Nearly all structure fire deaths happen in homes—a toll that averages 2,850 civilian deaths each year, according to a new study by the National Fire Protection Association.
The association conducts extensive research into fires in every structure type, from prisons and schools to shopping malls, high-rise hotels and industrial sites
But the most dangerous structure turns out to be the home, where 92% of fire deaths occur, the study found.
“This study strongly underscores the need to aggressively work to reduce the number of home fires in this country in order to save lives from fire,” said Lorraine Carli, NFPA vice president of communications.
NFPA is a nonprofit association that develops, provides and advocates fire-related consensus codes and standards, research, training, and education.
A half-dozen association standards relate to fire-retardant coatings. Last year, NFPA released a 2009 edition of “NFPA 703: Standard for Fire-Retardant Treated Wood and Fire-Retardant Coatings for Building Materials.” The standard provides enforcers, engineers and architects with what NFPA calls “the industry's most advanced criteria for defining and identifying fire retardant-treated wood and fire-retardant coatings for building materials.”
From 2003 to 2007, U.S. fire departments responded to about 380,000 home fires annually—fires that resulted in a large number of civilian deaths; 13,160 reported injuries; and $6.4 billion in direct property damage each year.
Smoking materials caused the largest number of fire deaths during that period. Heating equipment was the second most common cause.

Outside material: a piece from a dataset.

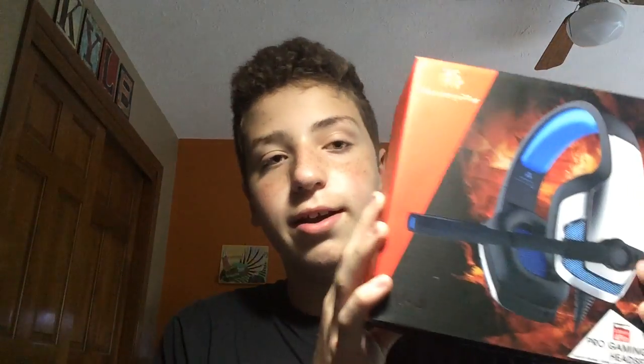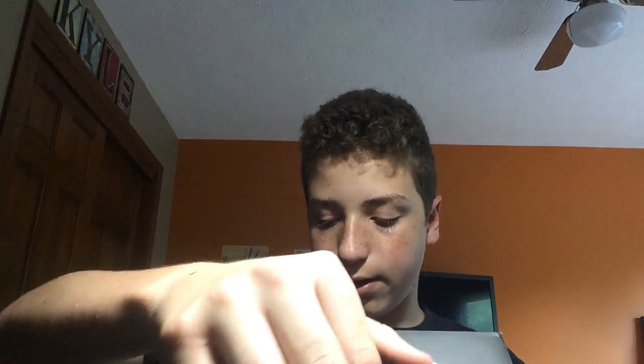Let's get into one of my favorite things, which is the gaming headset. I really like this thing — it looks really nice and probably sounds really good. It works with Xbox, laptop, PC, PlayStation, and Nintendo Switch. Let's take off this bubble wrap. It's very big.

The leading cause of the home fires themselves continues to be cooking equipment; the association found: 41% of home fires started in the kitchen area.
Other key findings include:
• Reported home fires peaked around dinner hours of 5 to 8 p.m.
• Only 20% of the reported home fires occurred between 11 p.m. and 7 a.m., but they caused 52% of the home-fire deaths.
• December, January and February accounted for 30% of reported home structure fires and 38% of home fire deaths.
• Reported apartment fires were more likely to have started in the kitchen than fires in single- and two-family homes.
• The items first ignited in home fire deaths are upholstered furniture (21%), followed by mattresses and bedding (31%).
• 40% of fatal home fire injuries occurred in properties without smoke alarms.